=== Description of the task ===
Since the records include pictures, leave those out while you reproduce exactly and only the lines from the one containing "And here it" through the one containing "So what am I", inclusive.

=== Given information ===
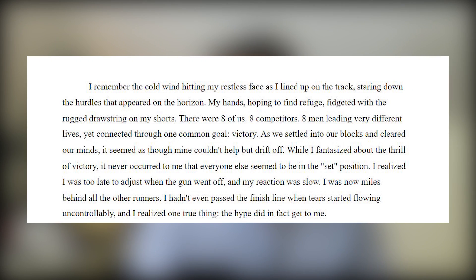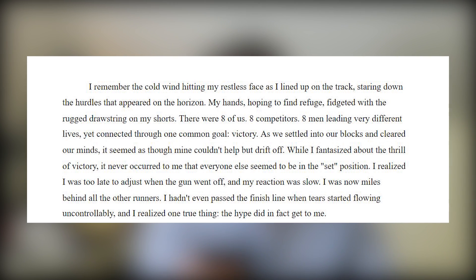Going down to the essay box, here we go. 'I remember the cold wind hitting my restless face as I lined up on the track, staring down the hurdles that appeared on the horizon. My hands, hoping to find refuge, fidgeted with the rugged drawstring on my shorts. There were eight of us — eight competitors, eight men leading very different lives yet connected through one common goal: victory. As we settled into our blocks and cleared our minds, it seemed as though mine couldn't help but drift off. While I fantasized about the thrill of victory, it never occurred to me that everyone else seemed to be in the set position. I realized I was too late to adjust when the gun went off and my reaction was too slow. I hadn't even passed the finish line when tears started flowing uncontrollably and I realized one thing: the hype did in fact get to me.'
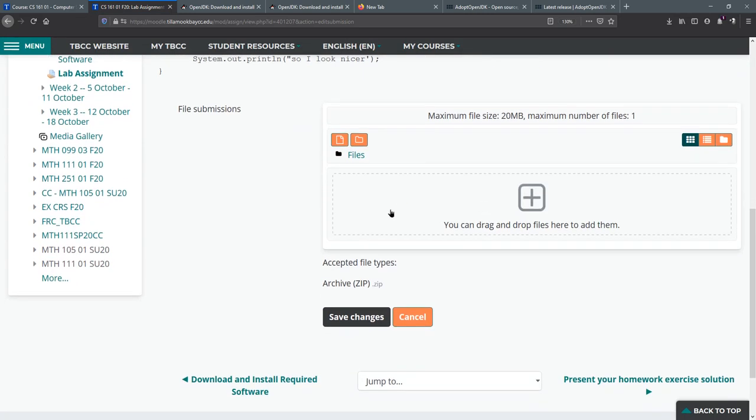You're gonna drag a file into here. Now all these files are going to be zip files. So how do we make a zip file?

==

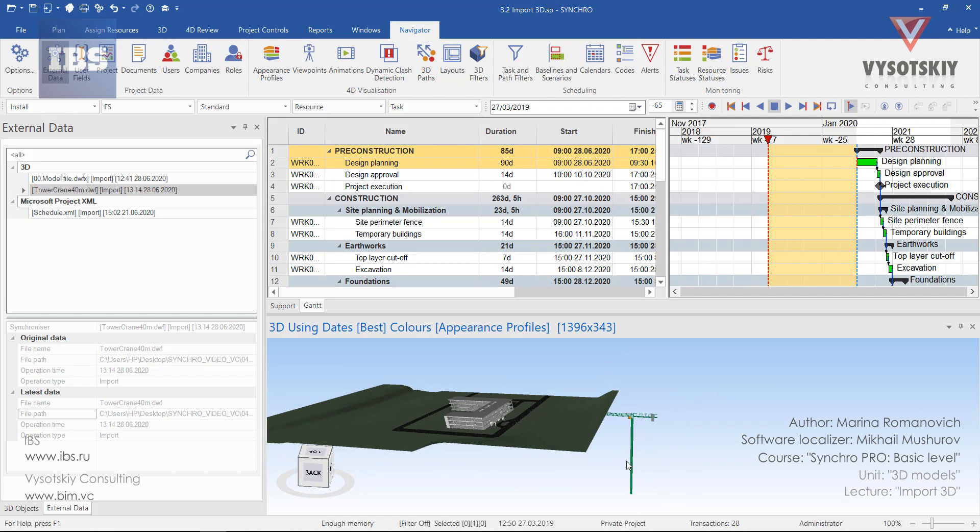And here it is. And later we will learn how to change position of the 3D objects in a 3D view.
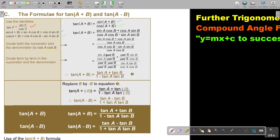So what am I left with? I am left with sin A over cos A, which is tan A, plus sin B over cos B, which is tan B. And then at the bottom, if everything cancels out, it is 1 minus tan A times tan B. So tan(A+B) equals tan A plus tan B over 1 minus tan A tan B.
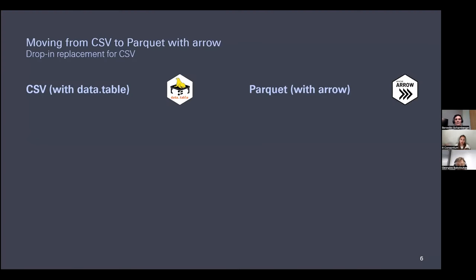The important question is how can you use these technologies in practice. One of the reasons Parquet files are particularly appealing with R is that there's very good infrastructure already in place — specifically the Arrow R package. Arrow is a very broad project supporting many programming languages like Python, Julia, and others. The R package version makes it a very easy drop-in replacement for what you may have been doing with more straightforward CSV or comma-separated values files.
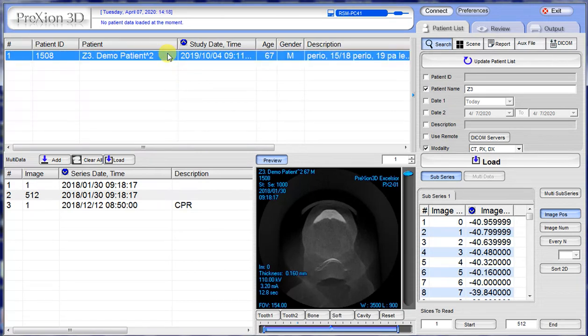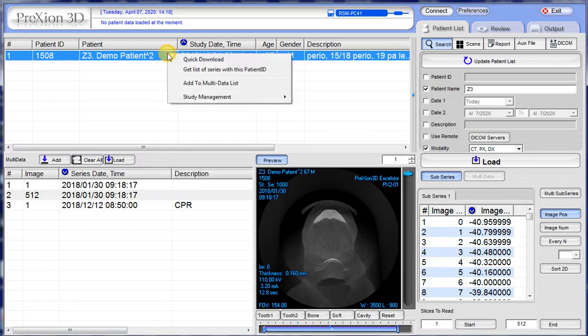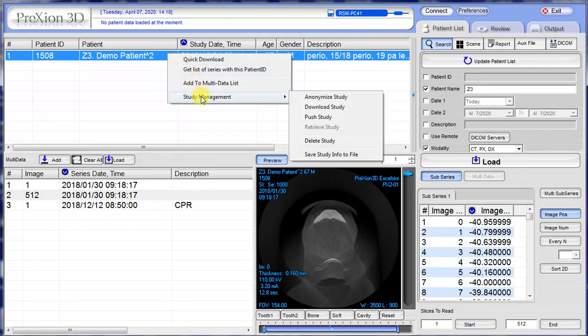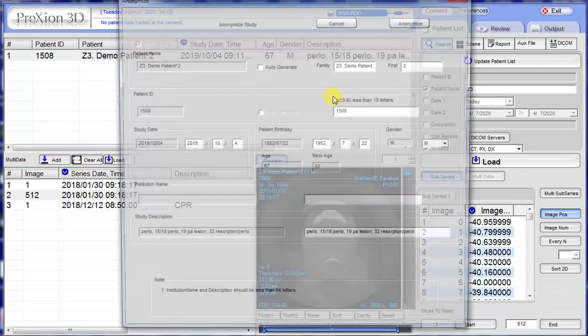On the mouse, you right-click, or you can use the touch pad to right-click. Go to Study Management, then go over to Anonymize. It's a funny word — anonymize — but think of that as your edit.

=== Task result ===
And here it is. And later we will learn how to change position of the 3D objects in a 3D view.
So what am I left with? I am left with sin A over cos A, which is tan A, plus sin B over cos B, which is tan B. And then at the bottom, if everything cancels out, it is 1 minus tan A times tan B. So tan(A+B) equals tan A plus tan B over 1 minus tan A tan B.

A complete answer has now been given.